Hi Troy,
ok to define a column and to store a temporary ID could work, but using the FeatureIdColumn I think will fail because PostGIS will set the value as the column is defined "serial". Look at the creat statement:
CREATE TABLE gm_fhm_grab_geo
(
gid serial NOT NULL,
fc_ integer DEFAULT 0,
uri text,
rotation double precision DEFAULT 0,
txtrotation double precision DEFAULT 0,
fid integer DEFAULT 0,
editor integer DEFAULT 0,
constructor integer DEFAULT 0,
created date DEFAULT ('now'::text)::date,
lastupdate date DEFAULT ('now'::text)::date,
mandant integer DEFAULT 0,
parentinfo text,
parentformel integer DEFAULT 0,
parent text,
text01 text,
text02 text,
text03 text,
the_geom geometry,
fc character varying(255),
CONSTRAINT gm_fhm_grab_geo_pk PRIMARY KEY (gid),
CONSTRAINT enforce_dims_the_geom CHECK (st_ndims(the_geom) = 2),
CONSTRAINT enforce_srid_the_geom CHECK (st_srid(the_geom) = 31467)
)
I have done a different way. I'm querying the Layer with the shape from the new feature. When retrieving one or more feature stored on the source layer I will use the first item.
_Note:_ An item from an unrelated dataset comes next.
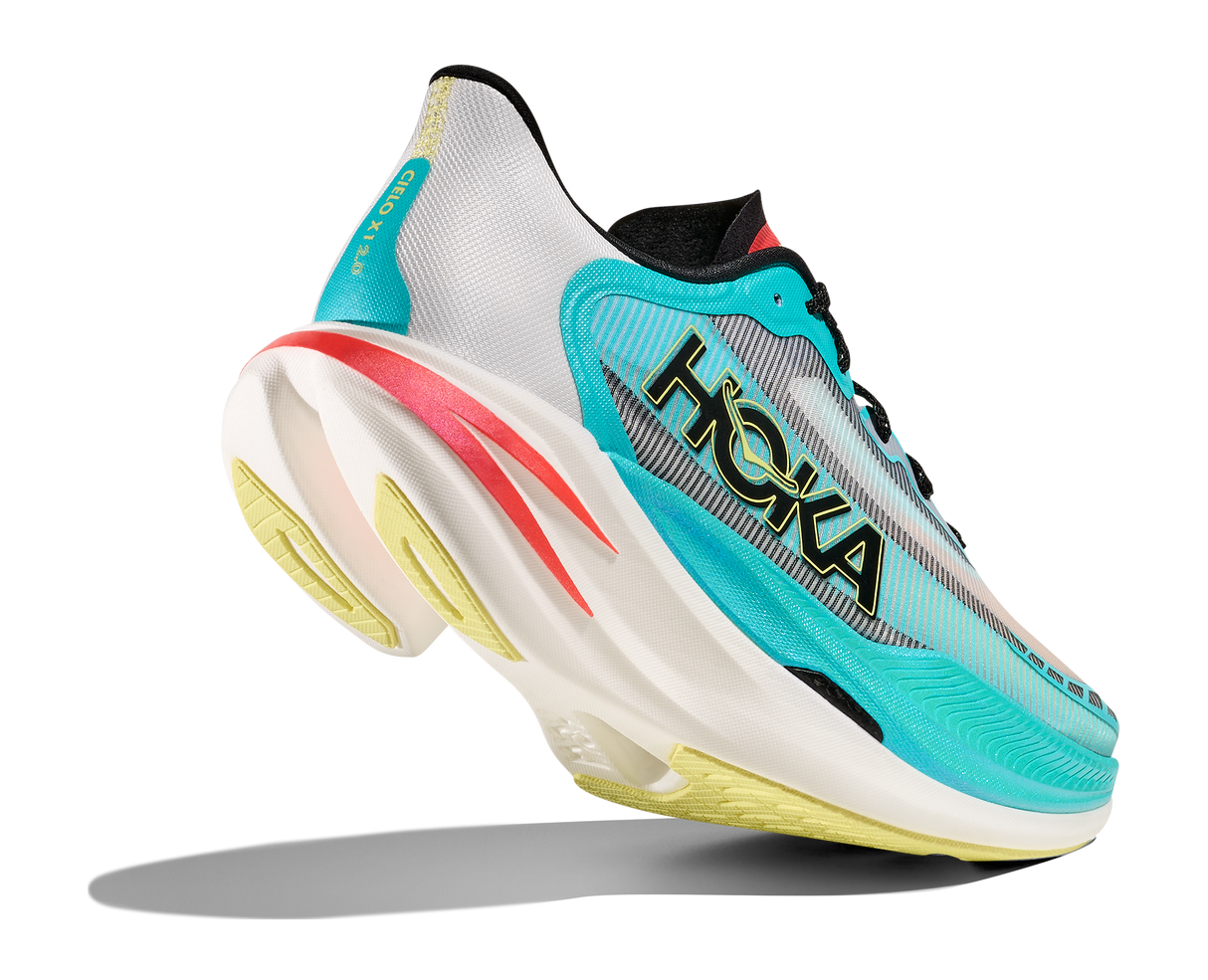 Cielo X1 2.0 | Hoka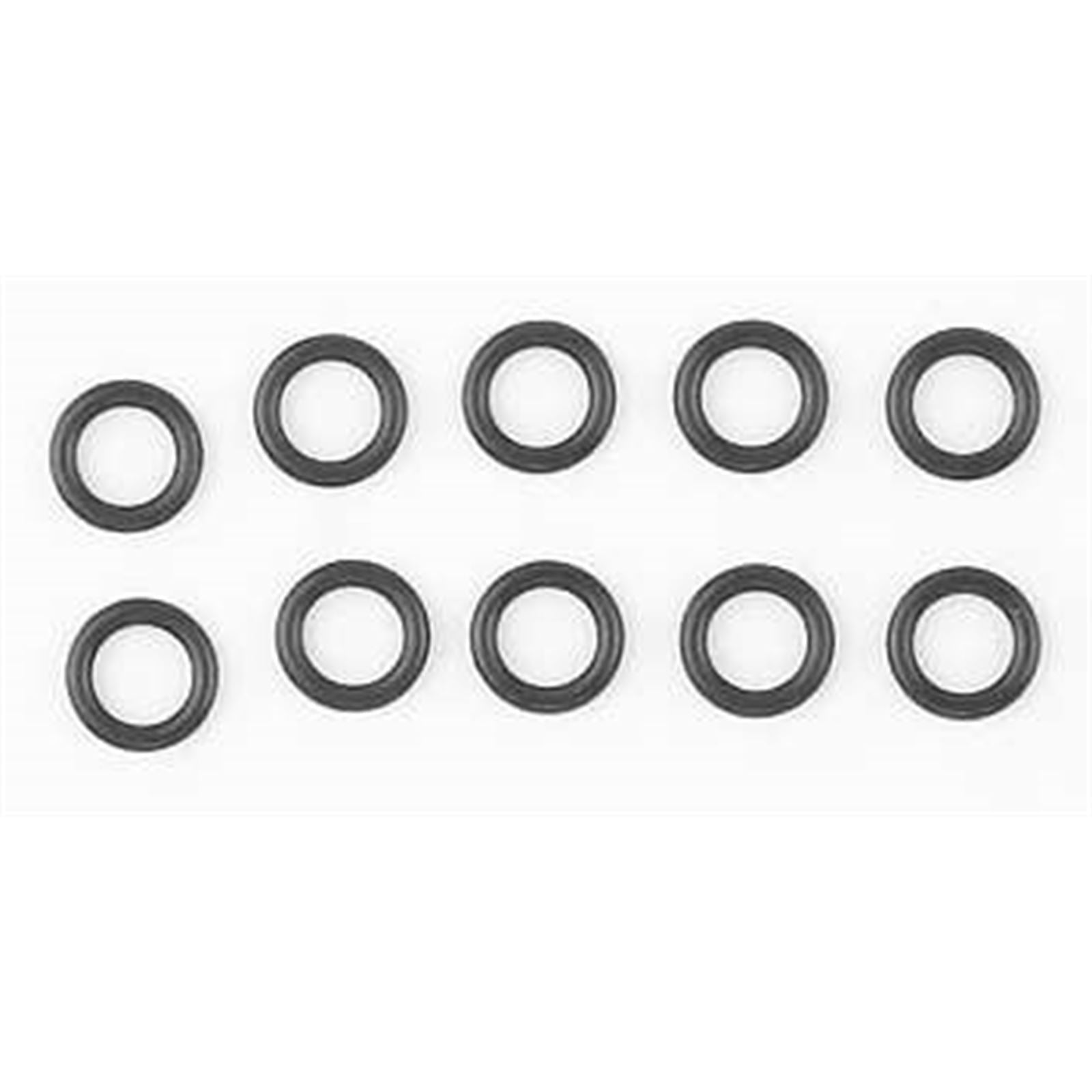 Cometic Starter Bolt O-Ring fits H-D Evolution Sportster C9436_264144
As an alternative I think your suggestion is a good way to define a "tempID" column and store the Id from the created feature. After transaction I can query the layer with the "tempID" to retrieve the exact ID from the underlaying layer. This workaround needs a second column in every data table in PostGIS to identify the created feature.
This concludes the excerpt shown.